I think the paper attempts to answer an interesting direction of understanding what makes Neural Networks work in practice an interesting direction of research.

缺点

The paper could benefit from deeper theoretical exploration. While the metric's motivation isn't thoroughly convincing, there's an intriguing mention of PAC-Bayes and VC dimension. It would be valuable to elaborate on how their selected measure aligns with the current theory. While I appreciate the importance of experiment-driven papers, it appears that the conclusions were drawn post-results, rather than being based on predefined hypotheses derived from established theory. The relevance of model architectures to random labels remains unclear, and the frequent references to the linear model are perplexing, especially given that large parameterized neural networks don't typically align with traditional models—consider the double descent phenomenon and their tendency to yield smoother functions [1]. Additionally, section 5's presentation could be improved; its current format reads like a data dump rather than a cohesive exploration of the central theme of 'flexibility'.

[1] - Bubeck, Sébastien, and Mark Sellke. "A universal law of robustness via isoperimetry." Advances in Neural Information Processing Systems 34 (2021): 28811-28822.

问题

The description of the EDC and how it relates to quantifying capacity seems a little bit loose I am not sure why it is a good metric for capacity. Furthermore, it would be good if you could split out step by step the computation.
Could you clearly define what you mean by flexibility or an intuitive understanding I found it hard to find a clear definition of what you mean.

评论- Response to Reviewer 14iz

2023-11-21

Dear Reviewer 14iz,

We appreciate your comments and thoughtful considerations regarding the theoretical aspects of our paper. We acknowledge the importance of theoretical exploration in the realm of deep learning; however, we intentionally adopted a different approach in this work.

Our primary motivation was to explore the empirical side of network capacity rather than relying solely on theoretical frameworks such as PAC-Bayes and VC dimension. Historically, attempts to assess the capacity of deep networks have often been theoretical and, at times, not entirely aligned with empirical observations. We aimed to bridge this gap by providing an empirical perspective on network capacity.

While we recognize the value of predefined hypotheses derived from established theory, our focus on drawing conclusions post-results stems from our commitment to an experiment-driven methodology. This approach enhances transparency and clarity in the progress of scientific inquiry. The "double descent phenomenon" (Preetum, et al. 2021) is a good example; its impact on the community was initially observed empirically, and the (partial) theoretical understanding followed in subsequent works.

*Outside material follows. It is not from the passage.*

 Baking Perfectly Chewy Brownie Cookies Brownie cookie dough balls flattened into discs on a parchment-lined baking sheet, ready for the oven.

Regarding the relevance of model architectures to random labels and frequent references to linear models, as mentioned in our paper, many theoretical works provide vague and impractical approximation theory bounds, and this is why it is so important to examine it in practice. We agree that modern neural networks do not align with traditional models, and our paper precisely demonstrates that the practical flexibility of modern networks is much higher than linear models. Concerning random labels, based on previous works (Zhang et al., 2016), we sought to distinguish between the input distribution and the label distribution, exploring how the network can fit the data regardless of the label’s distribution. Moreover, as demonstrated in our paper, the ability of a neural network to fit many more correctly labeled samples than incorrectly labeled samples predicts generalization.

Concerning Section 5, we acknowledge your feedback on its current format. We will work on improving the presentation to ensure a more cohesive exploration.

Questions:

EDC Metric Explanation:

Defining the capacity of a model encompasses various perspectives. Intuitively, it refers to model complexity—a measure of how intricate a pattern or relationship a model can express. In simpler terms, it quantifies the number of examples a model can learn. While VC dimension is one method to define capacity, it may exhibit a considerable gap from the model's actual ability to fit the data and, therefore, not used in practice. In our work, we introduce EDC as an alternative measure for empirical capacity.

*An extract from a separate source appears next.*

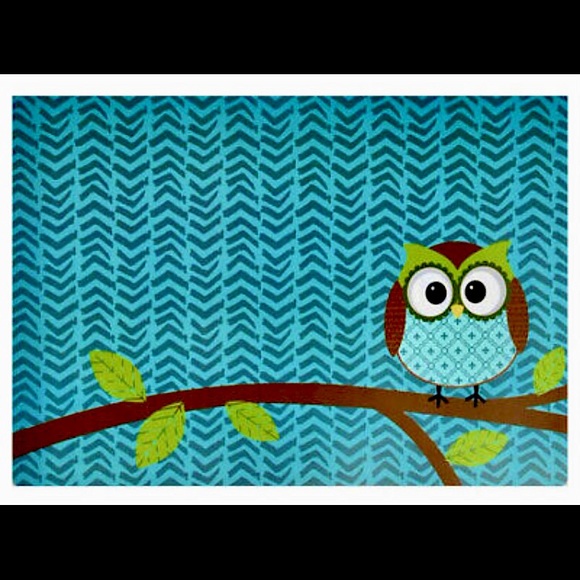 Set of 4 Placemats Woodland Owl 12”x17” Blue New - Picture 2 of 2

In essence, EDC is the maximum number of training data points a model can fit, representing its empirical capacity—the number of patterns it can learn. To elaborate, EDC is defined as the largest sample size where the model can perfectly fit randomly sampled training subsets of that size when optimized until convergence.

As explained in our paper, to compute the EDC, we adopt an iterative approach for each network size. Initially, we start with a small number of samples and train the model. Post-training, we verify if the model has reached 100% training accuracy. If met, we re-initialize the model with random initialization and train it again on a larger number of samples randomly drawn from the entire dataset. This process iteratively increases the number of samples in each iteration until the model fails to fit all the training samples perfectly. The largest sample size where the model achieves a perfect fit is taken as the EDC for that particular network size. Please refer to section 3 in our paper for a detailed explanation.

Flexibility:

We define flexibility as the model's ability to fit the data in practice. Please refer to the paragraph titled "Capacity, flexibility, expressiveness, and complexity? What’s the difference?" on page 3 for a paraphrased explanation.

Thank you for your valuable insights, and we are committed to refining the paper to address these concerns while maintaining the empirical focus that distinguishes our work. We would greatly appreciate it if you raised your score in light of our response. Please let us know if you have additional questions we can address.

References:

Nakkiran, Preetum, et al. "Deep double descent: Where bigger models and more data hurt." Journal of Statistical Mechanics: Theory and Experiment 2021.12 (2021)

评论- Response to rebuttal

2023-11-22

I think the authors for taking time to address some of my concerns, I however do not feel it fundamentally changes my opinion so will keep my score.

审稿意见

评分: 6置信度: 42023-11-01

The paper introduces the notion of Empirical Data Capacity (EDC) and study empirically how it behaves across different architectures, optimizers, and data distributions, among others. Informally, EDC is the largest subset of training data that can be correctly classified/interpolated by the neural network when trained without augmentation. Unlike the complexity of the hypothesis space, such as the VC dimension, EDC factors into account the entire training protocol. Borrowing intuition from linear classifiers, it extends the notion of parameter count.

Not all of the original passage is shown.